BART officials and their largest labor unions have agreed on Wednesday for three-year contracts to avoid potentially laying off hundreds of employees amid the coronavirus pandemic and its effects on the economy.
The arrangements would avoid any fare raise for the first year, allow up to a 2% increase during the second year, and a maximum of 2.5% afterward. However, the agreement would only take effect if BART recovers at least 60% of its ridership. The contracts are scheduled to start on July 1 until June 30, 2024.
On December 3, the Board of Directors of BART is set to cast their votes on the contracts. Despite the agency severely suffering from a loss of ridership due to the pandemic, the agreements would likely avoid worker strikes for three and a half years.
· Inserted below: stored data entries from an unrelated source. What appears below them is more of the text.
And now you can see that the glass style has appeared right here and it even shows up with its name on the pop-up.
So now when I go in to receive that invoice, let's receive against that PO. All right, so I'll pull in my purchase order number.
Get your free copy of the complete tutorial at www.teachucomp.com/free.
BART General Manager Robert Powers and the three labor unions’ leaders said that the contracts would allow the transit agency to continue working on providing service. They said that the agreements also emphasize the company’s determination to curb the pandemic’s spread and win back their riders’ trust.
The contracts’ approval also alleviates the issues of troubling negotiations as members from the Amalgamated Transit Union, Service Employees International Union, and American Federation of State, and County and Municipal Employees have already endorsed the agreements.
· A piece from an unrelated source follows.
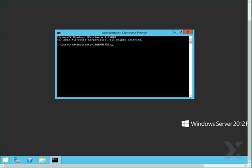In previous versions of Windows, this was usually done through a tab where you could enter your servers. However, in Windows Server 2012, this is only available through the command line, and I'm going to show you how to do that today.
BART’s three labor unions represent about 3,261 workers, including train operators, station agents, maintenance workers and mechanics, and various administrative staff.
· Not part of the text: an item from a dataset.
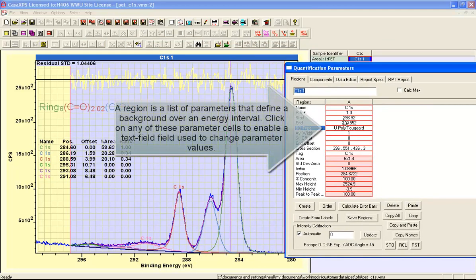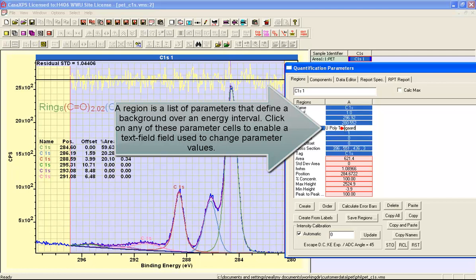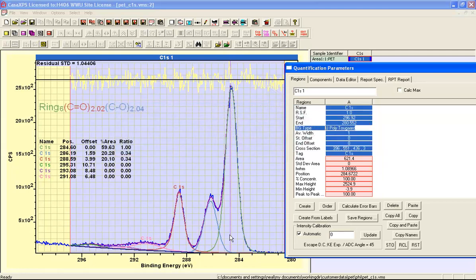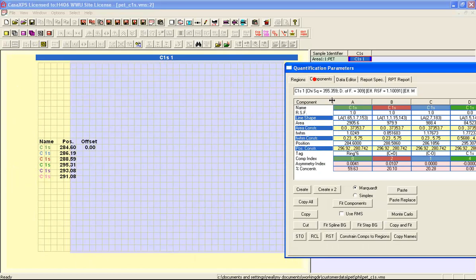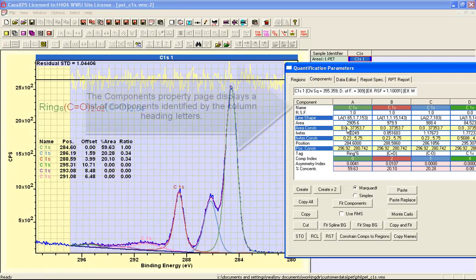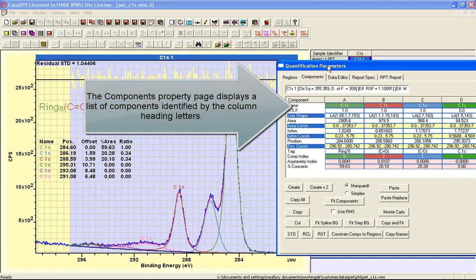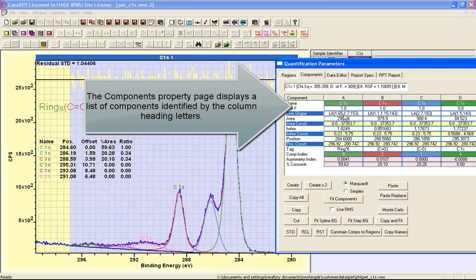The first table that we see is the regions property page and this is defining a background that is part of the peak model.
For the next three years, preventing worker strikes would leave BART successfully maintaining the peace between the agency and its three major unions after three severe incidents in 2013. The strikes had workers walking away from their workplaces, causing service to stop in July and October of that year. Staff argued about the failure of intense discussions towards peace.
The strikes forced the Bay Area to go into a state-wide gridlock, causing hour-long waits at the Bay Bridge and extended lines for Transbay buses and ferries. Two managers lost their lives during the strikes after being struck by a train while standing next to the tracks during a training run.
The incidents caused commuters to be furious at BART workers and almost caused a ban on strikes from employees. In 2016, the transit agency was able to peacefully discuss matters with the labor unions and stop strikes altogether.
BART’s deputy general manager, Michael Jones, said the agency and unions’ most recent discussions began about two and a half months ago. At the time, the agency was slowly recovering from its sharp decline of ridership amid the travel restrictions and stay-at-home orders. In the first few months of the crisis, BART saw an abysmal 3% ridership compared to numbers before the pandemic.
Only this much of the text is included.